Joyland by Stephen King
Everyone has a favorite Stephen King novel, and this is mine. An older Devin Jones reflects on his lost year, that year in 1973 when the “twenty-one-year-old virgin with literary aspirations” worked for Joyland, the North Carolina amusement park, befriended a young, dying boy with psychic abilities, and got over one heartache by falling in love again. It’s not a Stephen King novel without a supernatural element, and in this case, that element is the ghost of a murdered girl who haunts the park’s Horror House. This story is a bit of genre mashup, but first and foremost it is a spooky murder-mystery steeped in carny lingo and nostalgia that netted King an Anthony (2014), Edgar (2014), and Goodreads Choice Award (2013) nominations. In Joyland, the calliope music is pitch perfect.
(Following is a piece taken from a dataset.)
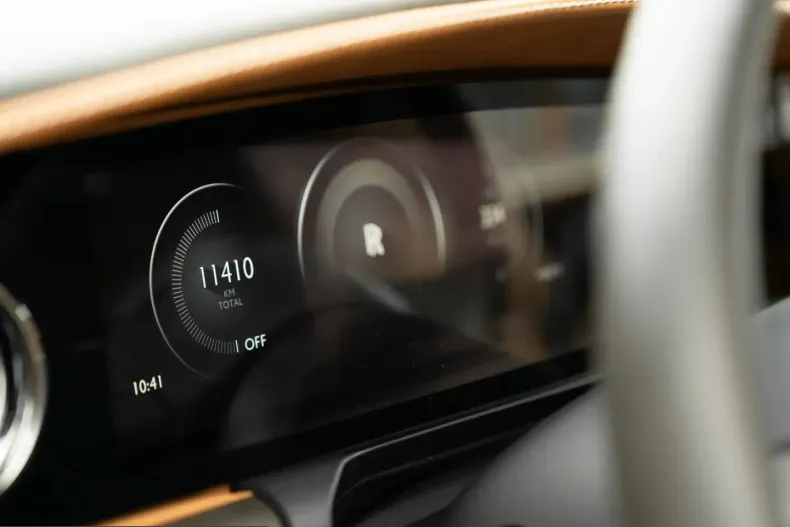 Rolls-Royce Spectre din 2024 cu 11.500 km - oferta ROL211308 - foto 10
Fair Game by Annette Dashofy
Don’t let the cover fool you. Annette Dashofy’s Fair Game is a traditional, not cozy, mystery. In the eighth Zoe Chambers Mystery novel, the dedicated paramedic and accomplished horsewoman divides her time manning the on-site ambulance and partaking of the Monongahela County Fair—including showing her horse. Nominated for an Agatha Award for Best Contemporary Novel in 2019, Dashofy spotlights some of the lesser known, but beloved, aspects of county fairs—the community exhibits, livestock competitions, tractor pulls, demolition derbies (in this case involving school buses), and the camaraderie and differences of people who live in small towns. Dashofy also captures the anticipation that thrums through a fair as the grandstands fill and events unfold. I’ll never look at a demolition derby the same way again.
One Night Gone by Tara Laskowski
After success with short stories, gothic suspense writer Tara Laskowski tackled the novel and burst onto the mystery stage in 2019 with One Night Gone, winning an Agatha, Anthony, and Macavity Award for Best First Novel, in addition to being named a finalist for the Lefty Award, Mary Higgins Clark Award, and more. This dual-timeline story takes place in the small town of Opal Beach. Maureen works for the traveling carnival that sets down summer stakes in the wealthy enclave and she decides this is where she’ll change the trajectory of her life. Through her, we simultaneously experience an insider’s perspective of a carnival and her position as an outsider in the small community. “And one thing I’ve learned from working these towns is that rich boys love the carnival girls. We are the elusive, exotic prize on the top shelf, the one that it seems urgent to win in the moment, even if it will be forgotten and tossed away later.” Fast forward three decades and Allison arrives during the off-season to house-sit a home on the beach. She soon finds herself immersed in the mystery of Maureen’s disappearance thirty years earlier and the indifference of those who dismiss the girl as disposable. Using alternating passages, Laskowski takes her time revealing the similarities between these two outsiders as they struggle to reinvent themselves, and in the process uncovers dark secrets that swirl in both women’s wakes.